ENTRIES SHOWN:
------------------------------------------------------------------------

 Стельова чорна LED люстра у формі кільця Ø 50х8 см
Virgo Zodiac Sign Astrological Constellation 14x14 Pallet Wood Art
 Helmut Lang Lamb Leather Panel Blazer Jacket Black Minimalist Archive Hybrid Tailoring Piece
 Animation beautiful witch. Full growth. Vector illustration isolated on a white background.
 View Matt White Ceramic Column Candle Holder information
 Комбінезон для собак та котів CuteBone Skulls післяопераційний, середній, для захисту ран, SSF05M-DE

------------------------------------------------------------------------

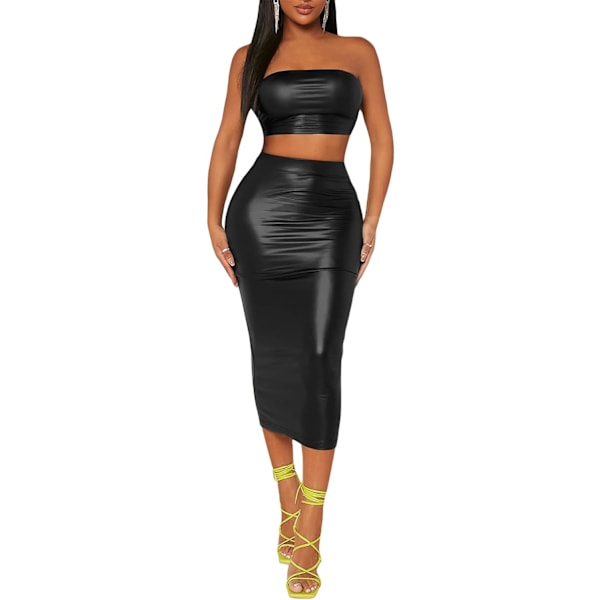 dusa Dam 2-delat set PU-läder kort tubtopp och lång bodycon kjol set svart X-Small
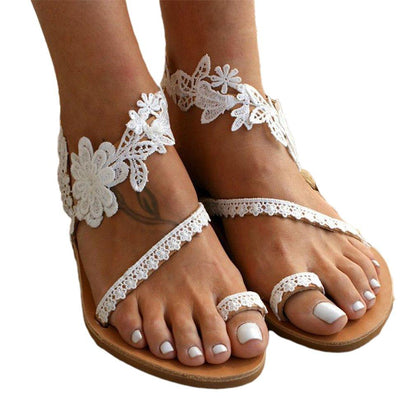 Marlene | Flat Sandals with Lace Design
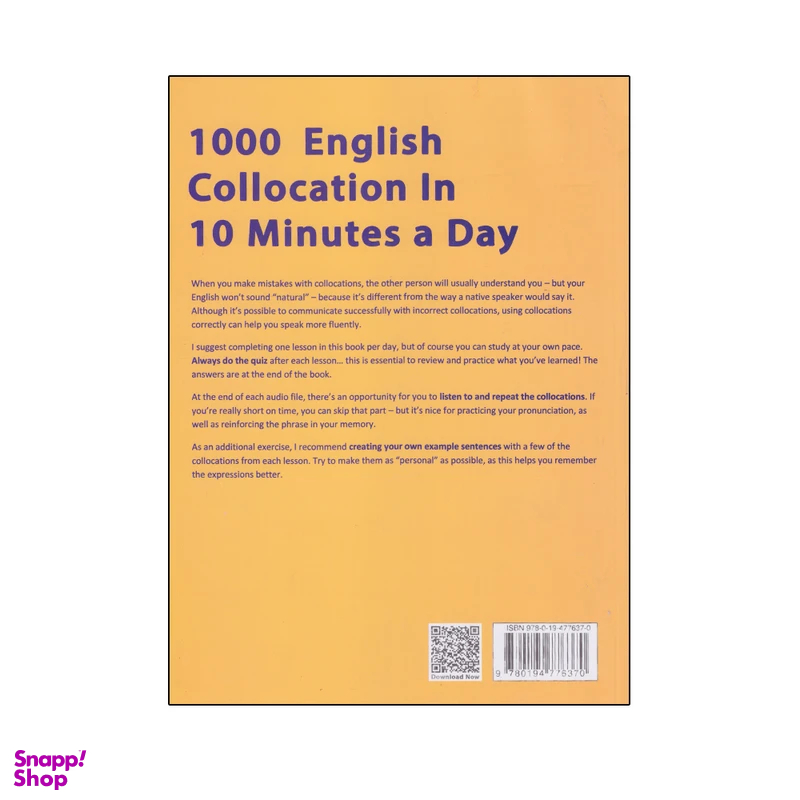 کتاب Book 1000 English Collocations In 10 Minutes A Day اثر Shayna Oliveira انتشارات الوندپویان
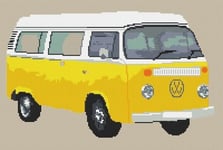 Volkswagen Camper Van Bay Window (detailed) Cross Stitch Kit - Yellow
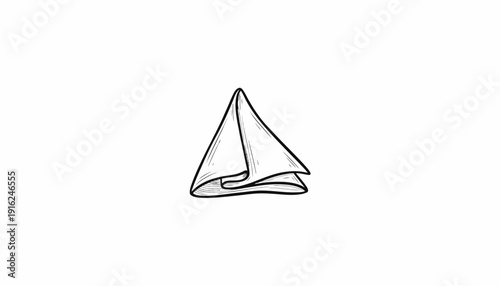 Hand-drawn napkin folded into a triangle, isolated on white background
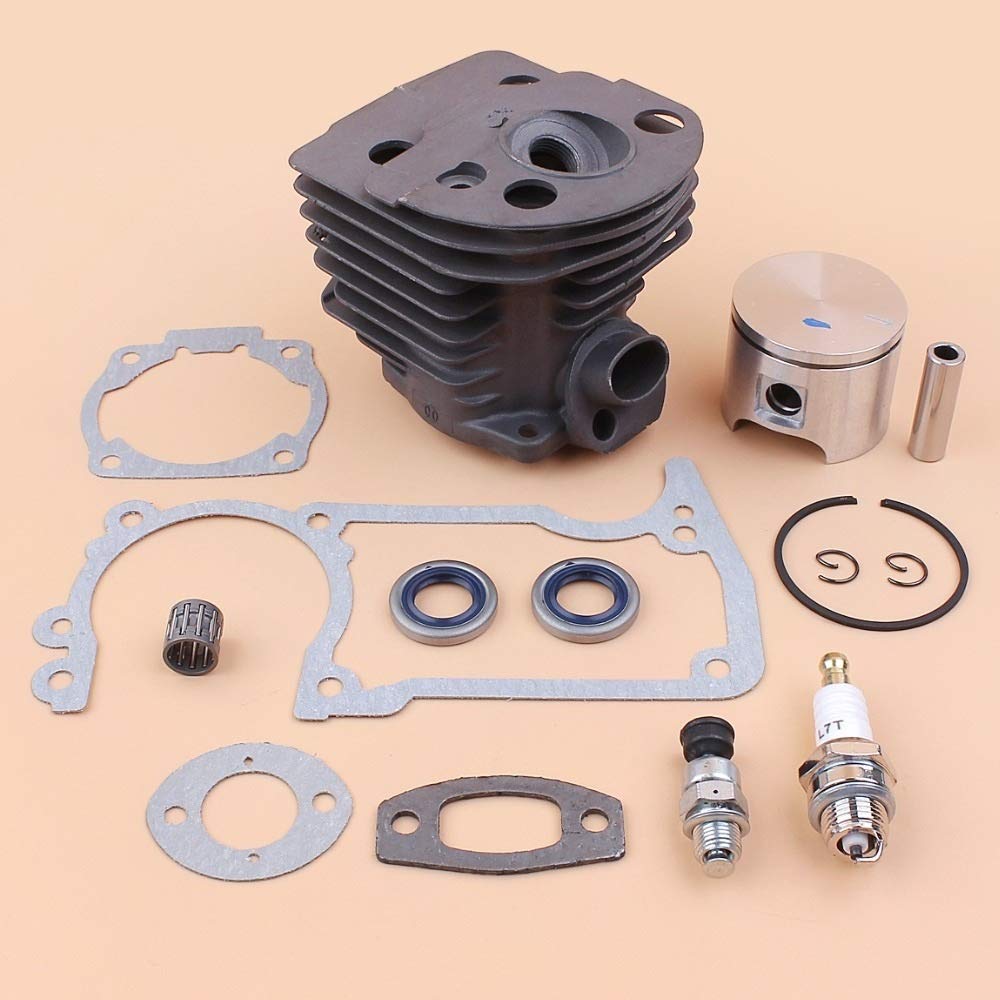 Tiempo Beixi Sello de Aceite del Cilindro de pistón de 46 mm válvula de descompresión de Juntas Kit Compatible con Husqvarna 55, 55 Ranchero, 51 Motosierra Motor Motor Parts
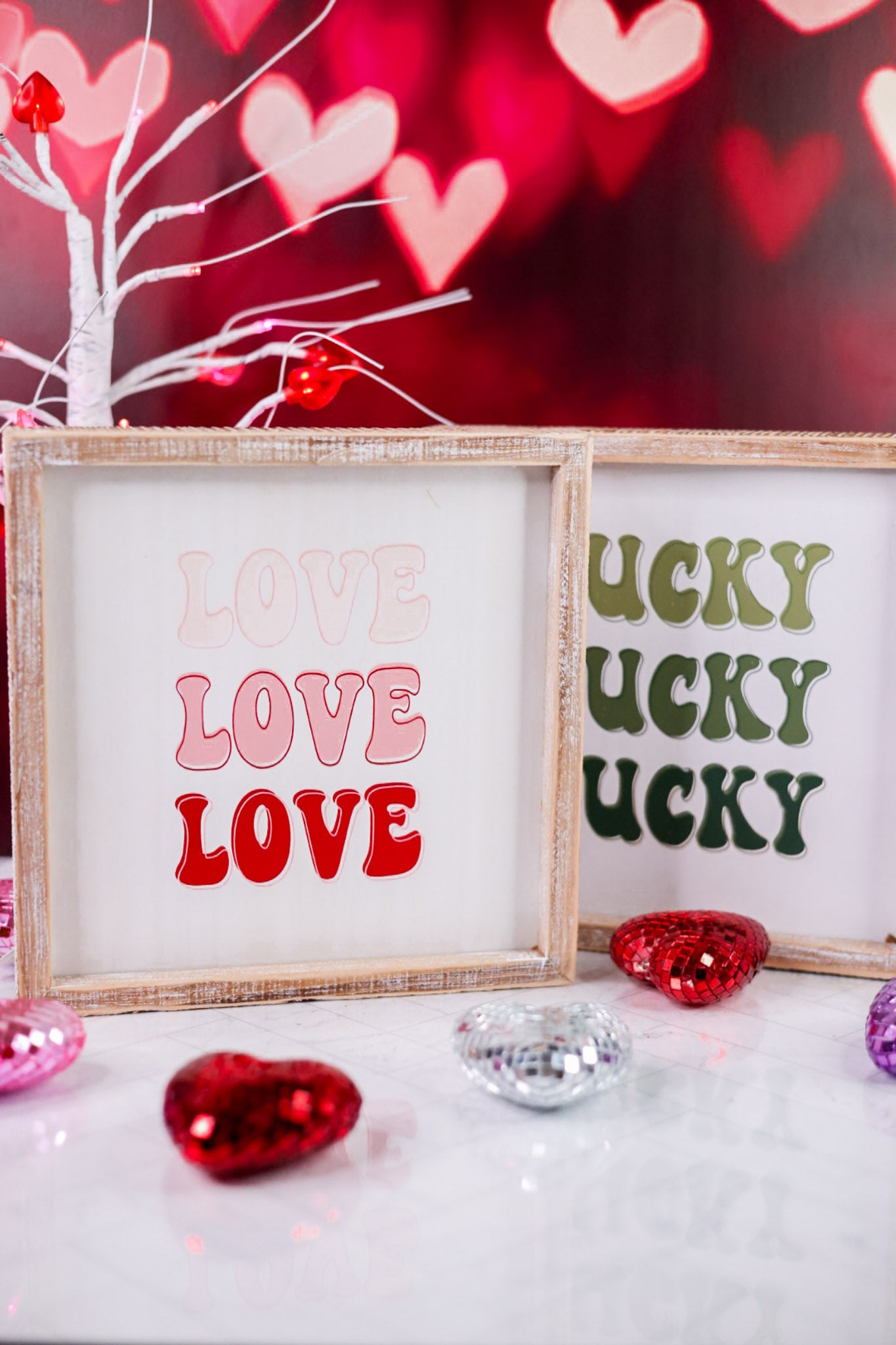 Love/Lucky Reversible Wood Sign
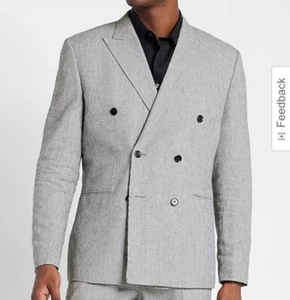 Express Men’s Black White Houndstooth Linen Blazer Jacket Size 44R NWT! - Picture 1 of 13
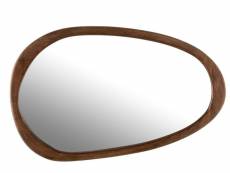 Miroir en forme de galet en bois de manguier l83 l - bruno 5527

------------------------------------------------------------------------

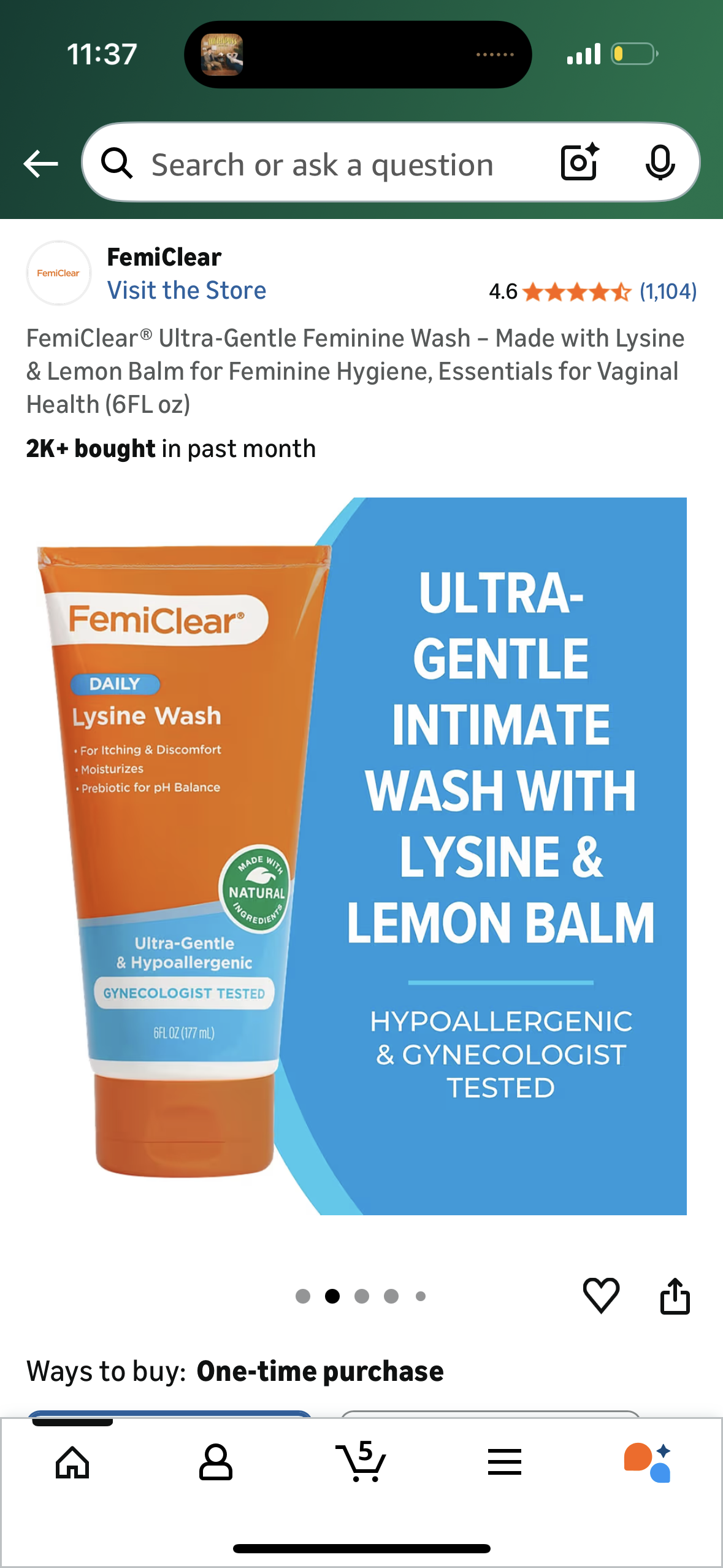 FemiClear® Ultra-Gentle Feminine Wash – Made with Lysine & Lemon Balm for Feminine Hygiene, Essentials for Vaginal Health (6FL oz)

------------------------------------------------------------------------

TASK:
Within the listing above, extract exactly the lines that run from the one containing "Volkswagen Camper Van" through the one containing "Miroir en forme", excluding any pictures.

WRITTEN ANSWER:
 Volkswagen Camper Van Bay Window (detailed) Cross Stitch Kit - Yellow
 Hand-drawn napkin folded into a triangle, isolated on white background
 Tiempo Beixi Sello de Aceite del Cilindro de pistón de 46 mm válvula de descompresión de Juntas Kit Compatible con Husqvarna 55, 55 Ranchero, 51 Motosierra Motor Motor Parts
 Love/Lucky Reversible Wood Sign
 Express Men’s Black White Houndstooth Linen Blazer Jacket Size 44R NWT! - Picture 1 of 13
 Miroir en forme de galet en bois de manguier l83 l - bruno 5527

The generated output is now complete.